2. Ordine dei fatti narrati in questo capitolo.
1 Guarigione d'un lebbroso, di cui fanno menzione gli altri Evangelisti sinottici Matteo 7:1-4.
2. Guarigione del servo paralitico del centurione romano in Capernaum, nella qual narrazione vengono specialmente notate la bontà, la liberalità e la fede del centurione Matteo 7:5-13.
3. Guarigione della suocera di Pietro allettata colla febbre Matteo 7:14,15.
4. Guarigione di molte persone possedute dal demonio in Capernaum e nelle vicinanze; nel qual fatto si vede l'adempimento d'una antica profezia Matteo 7:16,17.

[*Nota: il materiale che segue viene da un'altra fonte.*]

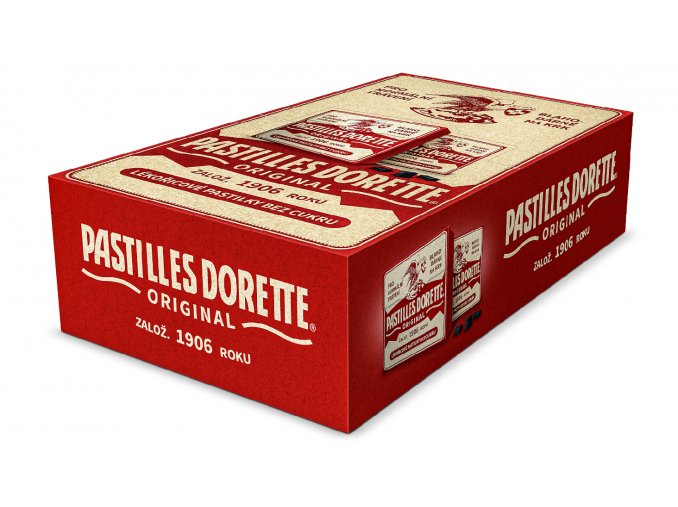 dorette pastilles box 20 kusul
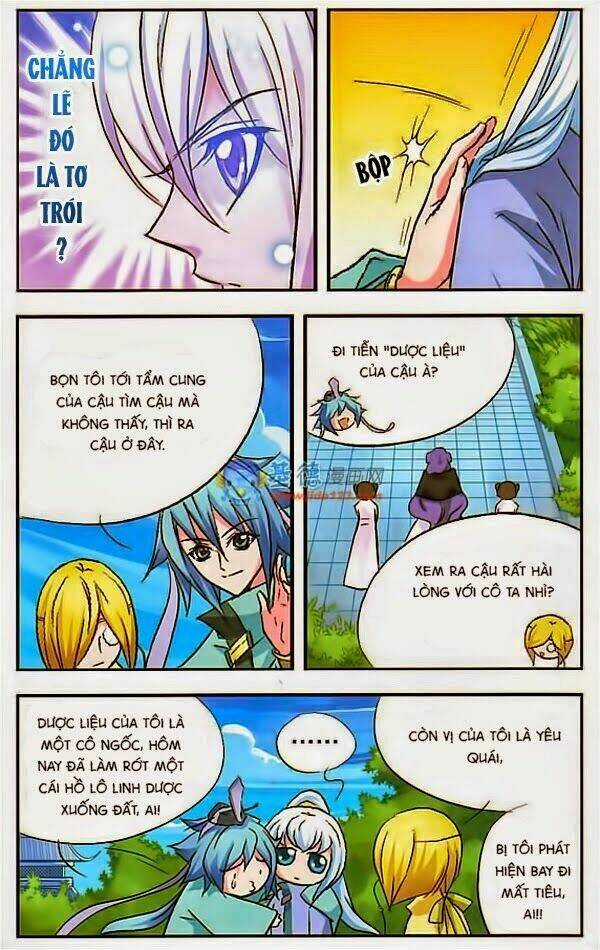 Mỹ Hình Yêu Tinh Đại Hỗn Chiến Chapter 10 trang 7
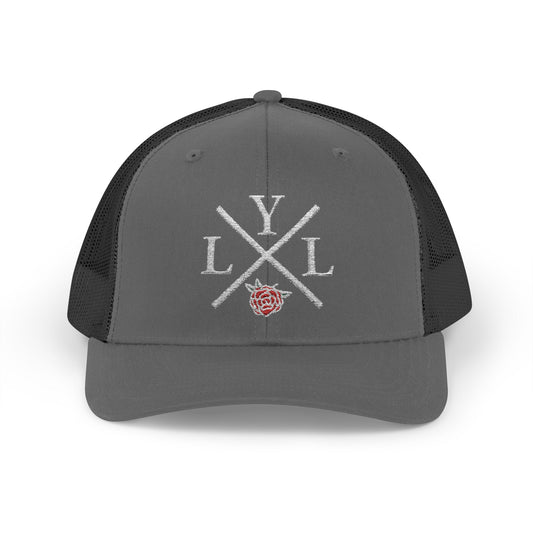 Curved Brim 'X Legacy' Snapback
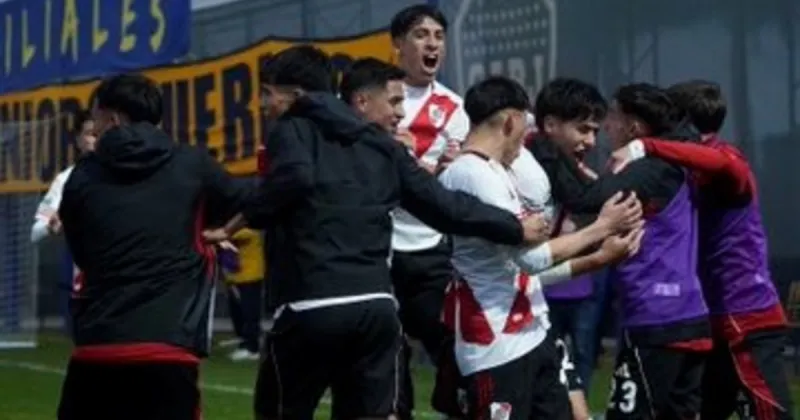River le ganó a Boca en una increíble definición por penales y jugará con Racing la final de Reserva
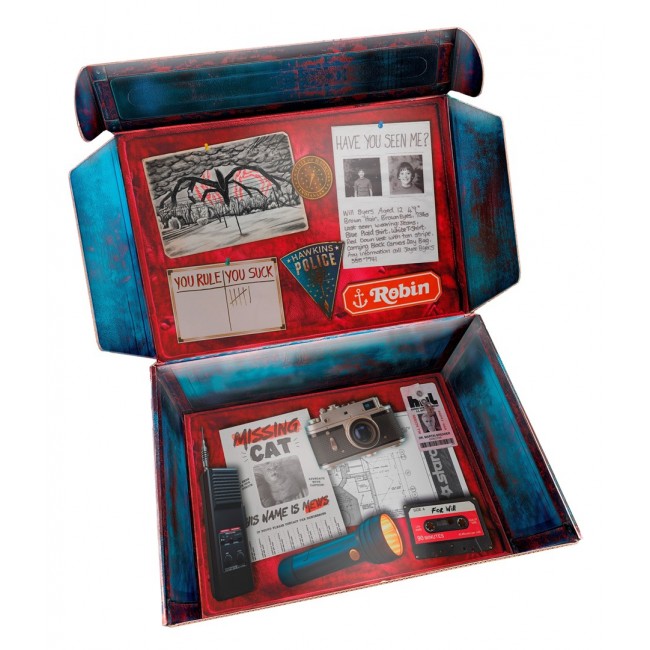 Clementoni The Metamorphic Art Collection - Stranger Things Jigsaw puzzle 520 pc(s) Television/films Clementoni The Metamorphic Art Collection - Stranger Things Jigsaw puzzle 520 pc(s) Television/films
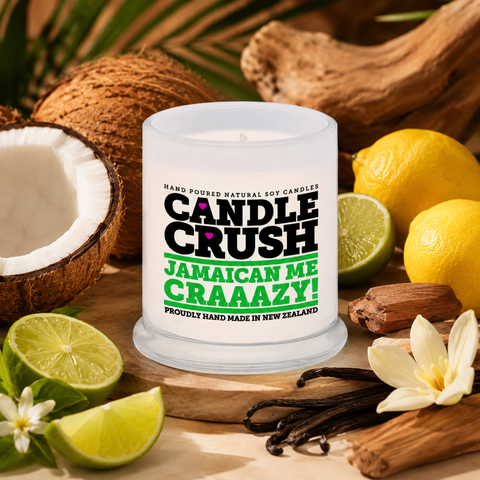 Jamaican Me Craaazy! Scented Candle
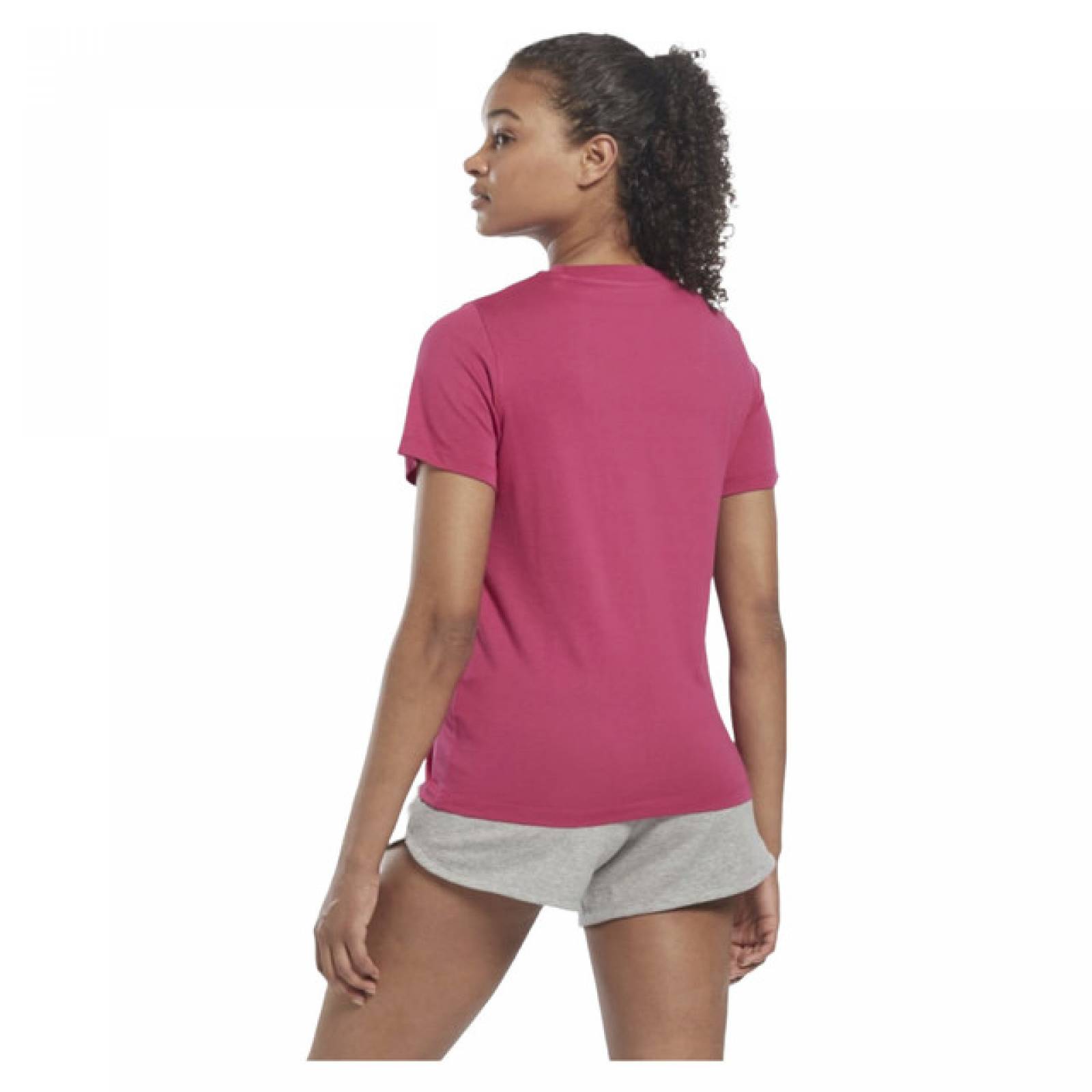 PLAYERA REEBOK MUJER ROJO RI BL Tee HK6807.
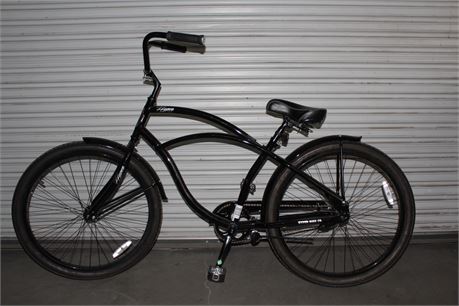 hyper beach cruiser bike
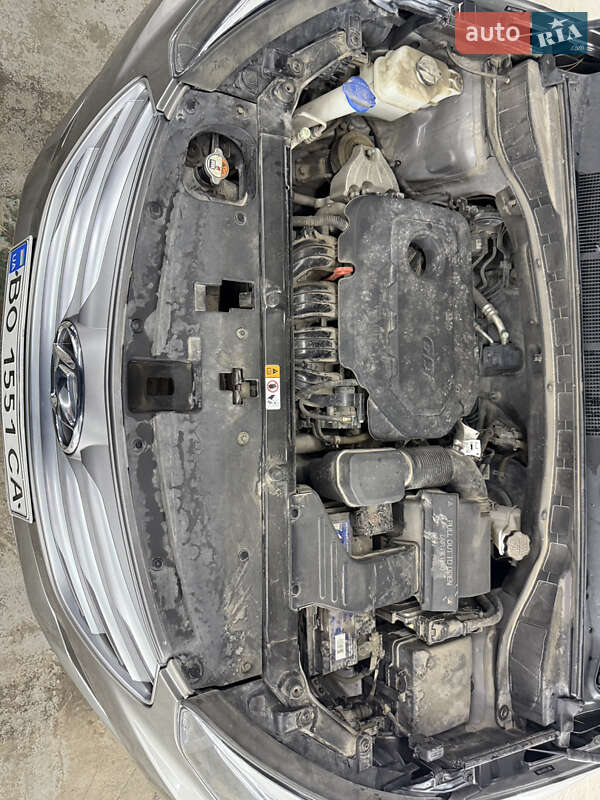 Позашляховик / Кросовер Hyundai Santa FE 2018 в Кременці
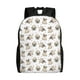thumbnail image 1 of Balery Pugs Mochila - Mochila Estilosa y Duradera para Laptop de 15 Pulgadas con Tela Oxford Impermeable, 1 of 8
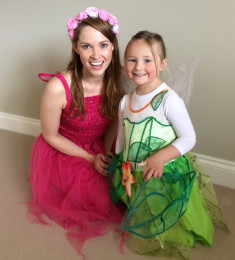 Fairies and Pirates party with Lily Sparkles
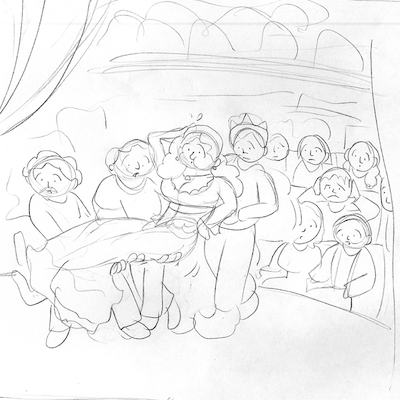 Chanteuse from Lugano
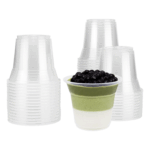 [2,000 ct] 8.5 oz Plastic U-Rim Y-Series Cold Cups, PP (95 mm) - Image 3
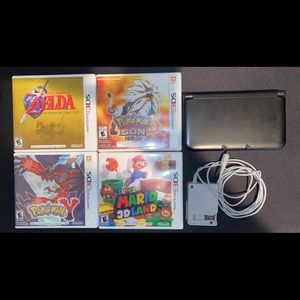 Nintendo 3DS XL and games  !!Great Condition!!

5. Conversazione collo Scriba, al quale Gesù mostra la povertà della propria condizione sulla terra raccomandandogli così di calcolare la grandezza dei sacrifici ch'egli dovrebbe fare prima di dichiararsi suo seguace Matteo 7:19-22.
6. Tempesta sul lago di Galilea, e miracolo col quale Cristo fa conoscere che tutta la natura è a lui soggetta Matteo 7:23-27.
7. Visita al paese dei Ghergheseni, guarigione dell'indemoniato, e potere di Cristo sugli spiriti maligni, che si palesa nel permesso conceduto ai demoni di entrare in una mandra di porci Matteo 7:28-34.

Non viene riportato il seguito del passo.